Over the last year, there has been significant interest in solving many small linear algebra problems simultaneously. Library vendors such as MKL and NVIDIA, along with researchers at instutions including Manchester, Tennessee, and Sandia National Labs have all been attempting to perform these calculations as efficiently as possible.
Over the weekend prior to the SIAM CSE17 meeting, many of those researchers (including myself) held a workshop to discuss strategies for batched BLAS (basic linear algebra subprogram) computations. Furthermore, lots of discussion was aimed at standardising the function APIs and the memory layout that users will interact with. The slides, and a number of research papers on the topic, are available at this page.
At the SIAM CSE17 meeting, our team at Manchester organised a minisymposium to discuss the highlights of our weekend with a wider audience. A brief summary of the four talks, along with a copy of their slides, is given below.
Talk 1: Mawussi Zounon (Univ. of Manchester)
Mawussi Zounon, University of Manchester.
The first talk was given by my colleague Mawussi Zounon. After introducing the basic concept behind batched BLAS, he discussed a strategy called “interleaving” that we have been working on to increase the performance of batched BLAS routines. Essentially, by changing the order of the matrix elements in memory, we can optimise the use of the vector units and cache memory in modern multi-core architectures such as the 68 core Intel Knights Landing (KNL). This can lead to extremely large speedups (> 40x) for batch Cholesky solves. The slides can be found here.
Talk 2: Sarah Knepper (Intel)
Sarah Knepper, Intel.
In the second talk, Sarah Knepper outlined the new Intel KNL architecture, discussed MKLs proposed API for batched BLAS operations, and gave some excellent performance results for batched DGEMM and DTRSM routines that will appear in MKL 18 beta later this year. Whilst MKL 18 beta will not include the interleaved memory format discussed by Mawussi, there are plans for it to be incorporated in future releases. Sarah’s presentation can be found here.

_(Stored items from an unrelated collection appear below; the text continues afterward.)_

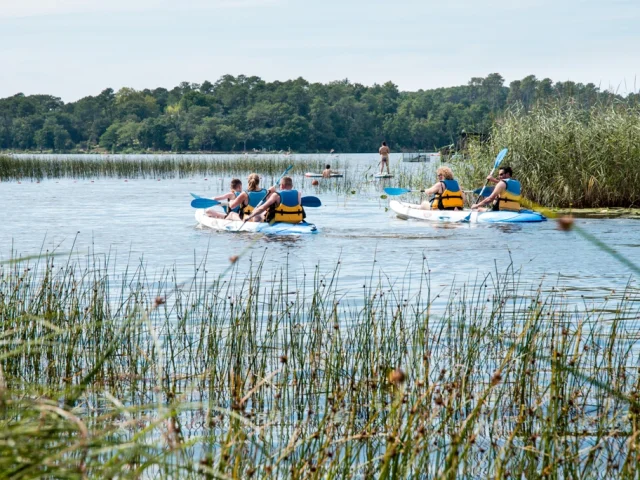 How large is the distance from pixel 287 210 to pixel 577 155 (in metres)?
5.98

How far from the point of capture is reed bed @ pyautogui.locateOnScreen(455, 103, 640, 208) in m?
16.9

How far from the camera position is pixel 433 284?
9.88 metres

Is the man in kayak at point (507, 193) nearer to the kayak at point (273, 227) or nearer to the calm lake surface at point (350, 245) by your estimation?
the calm lake surface at point (350, 245)

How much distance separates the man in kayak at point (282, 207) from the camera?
14.6m

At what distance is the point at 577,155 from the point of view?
17.1 meters

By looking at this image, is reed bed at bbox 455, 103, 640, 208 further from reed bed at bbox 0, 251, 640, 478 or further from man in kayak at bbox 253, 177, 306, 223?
reed bed at bbox 0, 251, 640, 478

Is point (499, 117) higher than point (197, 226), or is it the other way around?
point (499, 117)

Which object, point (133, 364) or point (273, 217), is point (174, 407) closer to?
point (133, 364)

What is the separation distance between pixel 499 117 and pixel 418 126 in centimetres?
7439

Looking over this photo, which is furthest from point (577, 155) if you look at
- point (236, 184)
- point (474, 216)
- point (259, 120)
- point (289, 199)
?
point (259, 120)

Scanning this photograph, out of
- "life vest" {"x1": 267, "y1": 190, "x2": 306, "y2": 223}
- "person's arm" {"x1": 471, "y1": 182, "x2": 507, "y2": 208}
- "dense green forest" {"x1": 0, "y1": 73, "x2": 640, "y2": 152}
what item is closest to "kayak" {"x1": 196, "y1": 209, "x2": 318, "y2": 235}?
"life vest" {"x1": 267, "y1": 190, "x2": 306, "y2": 223}

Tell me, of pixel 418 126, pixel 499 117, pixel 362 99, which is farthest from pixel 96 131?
pixel 499 117

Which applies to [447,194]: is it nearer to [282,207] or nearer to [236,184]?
[282,207]

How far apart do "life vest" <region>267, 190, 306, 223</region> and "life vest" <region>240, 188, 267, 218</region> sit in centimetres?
35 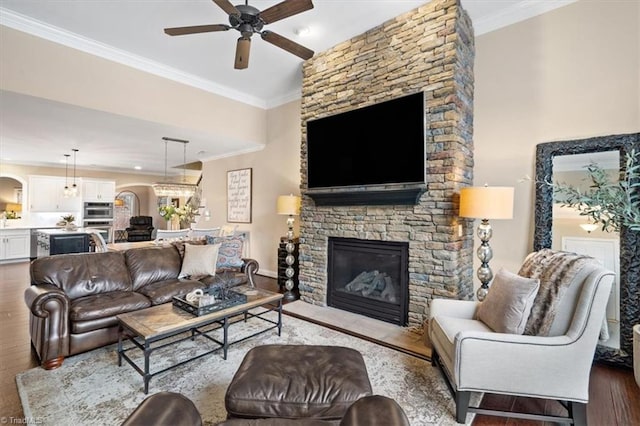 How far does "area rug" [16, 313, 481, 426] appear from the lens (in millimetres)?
1967

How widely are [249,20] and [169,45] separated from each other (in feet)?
6.24

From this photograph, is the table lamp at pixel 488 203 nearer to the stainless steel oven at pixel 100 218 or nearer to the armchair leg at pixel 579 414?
the armchair leg at pixel 579 414

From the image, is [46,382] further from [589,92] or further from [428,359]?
[589,92]

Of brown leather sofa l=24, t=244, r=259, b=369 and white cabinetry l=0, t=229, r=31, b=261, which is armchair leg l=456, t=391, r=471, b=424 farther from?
white cabinetry l=0, t=229, r=31, b=261

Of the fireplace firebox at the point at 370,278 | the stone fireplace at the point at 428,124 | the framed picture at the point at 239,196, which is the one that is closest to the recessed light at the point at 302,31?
the stone fireplace at the point at 428,124

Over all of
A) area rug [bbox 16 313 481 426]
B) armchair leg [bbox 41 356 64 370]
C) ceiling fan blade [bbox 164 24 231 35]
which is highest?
ceiling fan blade [bbox 164 24 231 35]

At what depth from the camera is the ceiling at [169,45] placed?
3152mm

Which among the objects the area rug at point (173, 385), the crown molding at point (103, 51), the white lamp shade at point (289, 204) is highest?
the crown molding at point (103, 51)

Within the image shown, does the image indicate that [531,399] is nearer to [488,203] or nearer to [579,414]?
[579,414]

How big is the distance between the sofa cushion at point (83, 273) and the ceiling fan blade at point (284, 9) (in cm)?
302

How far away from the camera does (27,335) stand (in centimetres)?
315

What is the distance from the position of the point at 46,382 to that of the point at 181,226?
268 inches

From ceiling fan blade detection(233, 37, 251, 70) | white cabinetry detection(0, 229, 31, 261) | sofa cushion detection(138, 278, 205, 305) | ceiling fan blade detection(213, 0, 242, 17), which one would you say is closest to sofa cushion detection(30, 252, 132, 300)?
sofa cushion detection(138, 278, 205, 305)

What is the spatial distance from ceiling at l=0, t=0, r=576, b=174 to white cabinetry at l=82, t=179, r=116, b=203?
2829 mm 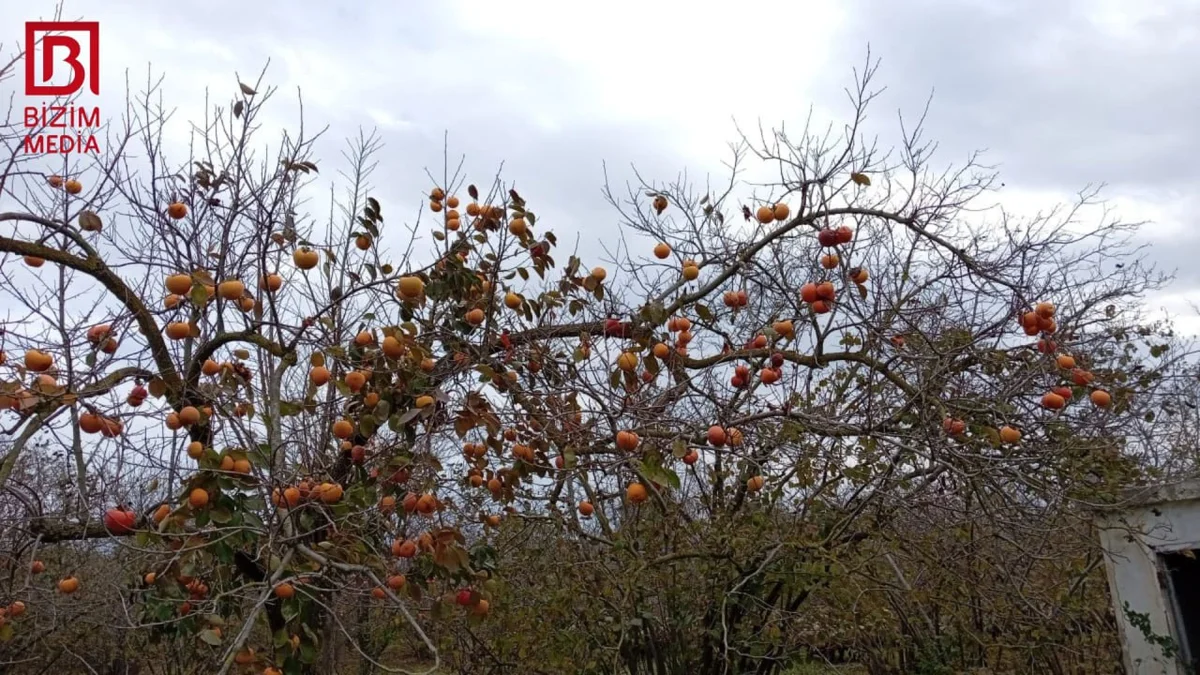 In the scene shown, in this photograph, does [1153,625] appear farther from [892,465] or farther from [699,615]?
[699,615]

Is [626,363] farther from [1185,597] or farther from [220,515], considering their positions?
[1185,597]

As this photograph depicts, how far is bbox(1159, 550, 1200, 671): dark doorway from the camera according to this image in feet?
9.77

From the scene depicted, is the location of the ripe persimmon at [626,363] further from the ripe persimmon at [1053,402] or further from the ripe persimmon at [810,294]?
the ripe persimmon at [1053,402]

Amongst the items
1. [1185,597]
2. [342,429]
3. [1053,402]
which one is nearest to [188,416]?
[342,429]

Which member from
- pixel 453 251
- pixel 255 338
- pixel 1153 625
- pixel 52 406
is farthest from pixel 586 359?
pixel 1153 625

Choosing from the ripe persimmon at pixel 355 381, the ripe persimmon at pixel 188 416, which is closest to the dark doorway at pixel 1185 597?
the ripe persimmon at pixel 355 381

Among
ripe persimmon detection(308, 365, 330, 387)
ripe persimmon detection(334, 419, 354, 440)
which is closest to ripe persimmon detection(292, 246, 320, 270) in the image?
ripe persimmon detection(308, 365, 330, 387)

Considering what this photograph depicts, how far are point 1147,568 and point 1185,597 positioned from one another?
381 millimetres

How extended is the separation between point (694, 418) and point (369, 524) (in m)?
1.35

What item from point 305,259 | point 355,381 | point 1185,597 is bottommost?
point 1185,597

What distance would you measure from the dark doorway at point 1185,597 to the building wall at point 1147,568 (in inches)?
1.7

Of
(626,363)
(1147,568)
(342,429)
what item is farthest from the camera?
(1147,568)

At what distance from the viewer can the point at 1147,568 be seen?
10.0ft

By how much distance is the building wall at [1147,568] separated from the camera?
2914mm
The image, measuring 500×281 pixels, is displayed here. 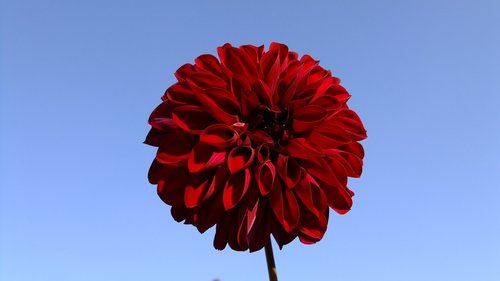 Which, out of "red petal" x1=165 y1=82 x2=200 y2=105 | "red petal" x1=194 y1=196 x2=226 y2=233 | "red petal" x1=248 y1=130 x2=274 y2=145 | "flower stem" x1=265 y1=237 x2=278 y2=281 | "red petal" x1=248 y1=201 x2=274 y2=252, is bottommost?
"flower stem" x1=265 y1=237 x2=278 y2=281

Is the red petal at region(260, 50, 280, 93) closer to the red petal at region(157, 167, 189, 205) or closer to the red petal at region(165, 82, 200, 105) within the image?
the red petal at region(165, 82, 200, 105)

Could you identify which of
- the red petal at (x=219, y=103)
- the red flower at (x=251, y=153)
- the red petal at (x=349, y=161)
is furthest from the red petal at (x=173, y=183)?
the red petal at (x=349, y=161)

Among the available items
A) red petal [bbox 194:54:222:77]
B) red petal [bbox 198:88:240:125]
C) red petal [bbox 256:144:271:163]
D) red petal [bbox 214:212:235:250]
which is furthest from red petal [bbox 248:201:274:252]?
red petal [bbox 194:54:222:77]

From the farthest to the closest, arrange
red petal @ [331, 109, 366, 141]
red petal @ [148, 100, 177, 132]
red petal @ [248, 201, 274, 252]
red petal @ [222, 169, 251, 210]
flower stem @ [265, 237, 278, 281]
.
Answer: red petal @ [331, 109, 366, 141], red petal @ [148, 100, 177, 132], red petal @ [248, 201, 274, 252], red petal @ [222, 169, 251, 210], flower stem @ [265, 237, 278, 281]

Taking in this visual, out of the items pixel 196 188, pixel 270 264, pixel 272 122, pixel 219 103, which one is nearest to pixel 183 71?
pixel 219 103

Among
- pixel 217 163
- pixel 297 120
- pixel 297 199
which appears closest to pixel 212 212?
pixel 217 163

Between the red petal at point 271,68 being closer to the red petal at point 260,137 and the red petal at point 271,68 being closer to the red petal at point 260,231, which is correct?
the red petal at point 260,137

Talk 3: Chris Cecka (NVIDIA)
Chris Cecka, NVIDIA.
Next up, Chris Cecka spoke about his recent work on accelerating tensor contractions on GPUs. This is a vitally important task to accelerate models in deep learning, but also appears in a number of high-dimensional PDEs etc. By using batched (and interleaved) matrix multiplications, Chris explained how all possible permutations of the tensor indices can be computed. He also showed the excellent performance improvements to the strided batched GEMM in the latest CUDA toolkit release: the performance of batched GEMM is the essentially the same as regular GEMM. More information on strided batched GEMM can be found here whilst the slides for this talk are here.
Talk 4: Ahmad Abdelfattah (Univ. of Tennessee)
Slides from Ahmad Abdelfattah, University of Tennessee.
The final talk of the session was given by Ahmad Abdelfattah from the Innovative Computing Laboratory, Univ. of Tennessee. Ahmad spoke about the design of batched BLAS operations in MAGMA (a popular linear algebra library for GPUs). In particular, he gave details about how the memory layout must be adapted for GPU architectures to deal with the different memory heirarchy. Ahmad’s slides are available here.
Overall the minisymposium was a massive success. There were around 60 people in the audience and the talks sparked some healthy debate about our approaches, and the performance that can be obtained. We would welcome any feedback on batched linear algebra, or on how it can be exploited in applications.